*** Block opens ***
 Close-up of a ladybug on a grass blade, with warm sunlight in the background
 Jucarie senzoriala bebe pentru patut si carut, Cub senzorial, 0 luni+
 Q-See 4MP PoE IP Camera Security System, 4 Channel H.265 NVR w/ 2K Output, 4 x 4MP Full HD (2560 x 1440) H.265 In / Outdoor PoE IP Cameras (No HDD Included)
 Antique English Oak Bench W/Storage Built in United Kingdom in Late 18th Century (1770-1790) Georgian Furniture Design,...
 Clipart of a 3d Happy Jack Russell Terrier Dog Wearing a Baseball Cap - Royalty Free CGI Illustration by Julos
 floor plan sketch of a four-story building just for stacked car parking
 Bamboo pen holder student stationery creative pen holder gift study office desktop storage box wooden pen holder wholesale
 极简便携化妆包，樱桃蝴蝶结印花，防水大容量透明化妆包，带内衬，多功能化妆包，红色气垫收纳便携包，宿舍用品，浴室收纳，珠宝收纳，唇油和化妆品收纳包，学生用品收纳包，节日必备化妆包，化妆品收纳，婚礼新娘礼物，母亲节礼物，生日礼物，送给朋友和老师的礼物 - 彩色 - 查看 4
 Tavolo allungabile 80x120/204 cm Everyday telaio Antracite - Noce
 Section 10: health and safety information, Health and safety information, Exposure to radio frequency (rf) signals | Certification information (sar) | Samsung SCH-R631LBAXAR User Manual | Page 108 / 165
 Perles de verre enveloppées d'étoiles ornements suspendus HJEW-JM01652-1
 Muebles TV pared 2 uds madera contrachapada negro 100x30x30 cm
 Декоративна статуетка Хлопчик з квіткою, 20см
*** Block closes ***
> PROBLEM TO SOLVE
The lines to write out run from the one with "Section 10: health" through the end of the records. Give them exactly, and only them.

> SOLUTION
 Section 10: health and safety information, Health and safety information, Exposure to radio frequency (rf) signals | Certification information (sar) | Samsung SCH-R631LBAXAR User Manual | Page 108 / 165
 Perles de verre enveloppées d'étoiles ornements suspendus HJEW-JM01652-1
 Muebles TV pared 2 uds madera contrachapada negro 100x30x30 cm
 Декоративна статуетка Хлопчик з квіткою, 20см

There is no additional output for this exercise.